Horse Racing Forum - PaceAdvantage.Com - Horse Racing Message Board - View Single Post

DeltaLover · 08-22-2017, 10:58 AM

Quote:

Originally Posted by classhandicapper

I tried something approximating difference from the top and got pretty good results, but I think I see a flaw in the approach.

The regression is looking at multiple field values for each horse as input and then the finish position of the horses. So it is more or less trying to maximize the ability to rank all the horses in a race correctly. I'm really only interested in the ability to pick winners. It's not doing that nearly as well as I can do it with weights for each factor that came up with via trial and error.

So I need to somehow stress that the winners are the key.

Perhaps instead of ranking all the horses in each race I could look at just the top 3 finishers????

Logistic regression can be seen as a special case of neural networks; many problems are impossible to be solved with the former but require the latter.

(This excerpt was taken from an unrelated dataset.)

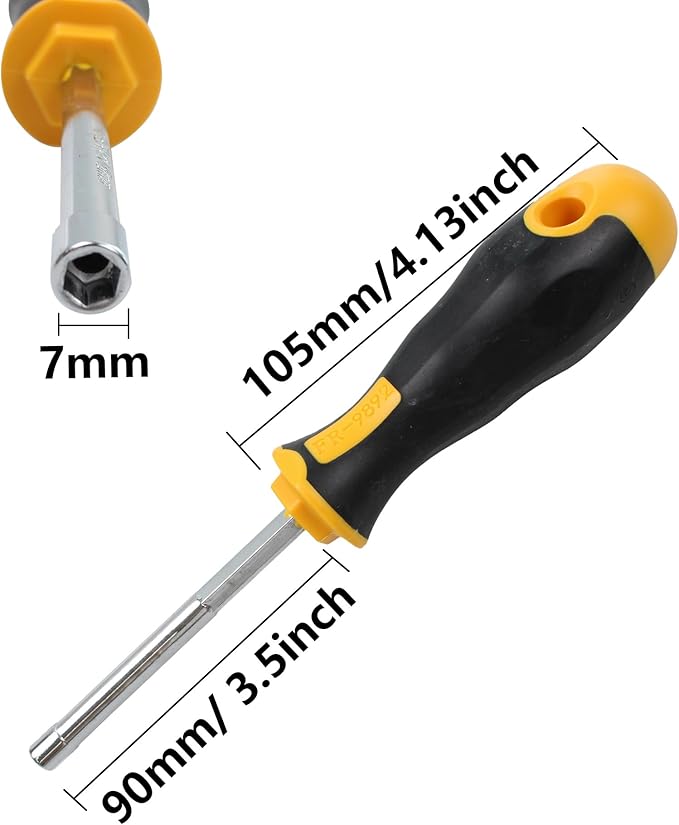 2PCS 7mm Socket Wrench Screwdriver, Hex Nut Driver, with 3.5 Inch Steel Shaft and Non-slip Handle for DIY Repairing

Such a problem can be found in the prediction of the finish positions that you are describing here.

What I see as the major challenge though, is not the algorithm to be used but the way to present the data to it; some of the data preprocessing tasks that need to be addressed are the following:

What the metrics to use? (ex: speed or pace figure, closing figures etc)
How to generate the necessary metrics? (ex: track variant estimation, cross distance - track adjustment etc)
How many past performances to use? (ex: Do we need individual models based in the number of available past performances? How to handle shippers? etc)
Should metrics be normalized using a per race window or passed in absolute values?)
How to pass race level data? (ex: Like wire to wire winning stats, average speed figures for all starters etc)
What kind and how to pass primitive (predicates) handicapping factors?(ex: layoffs, dirt to turf, first lasix etc)
How to handle connections? (ex: jockey/ trainer changes etc)

Even after answering all these questions, we still need to decide how to formulate the “target” of the model and by this I mean that simply targeting for raw finish ordering might very well not be any useful as at best it will match the crowd’s ranking.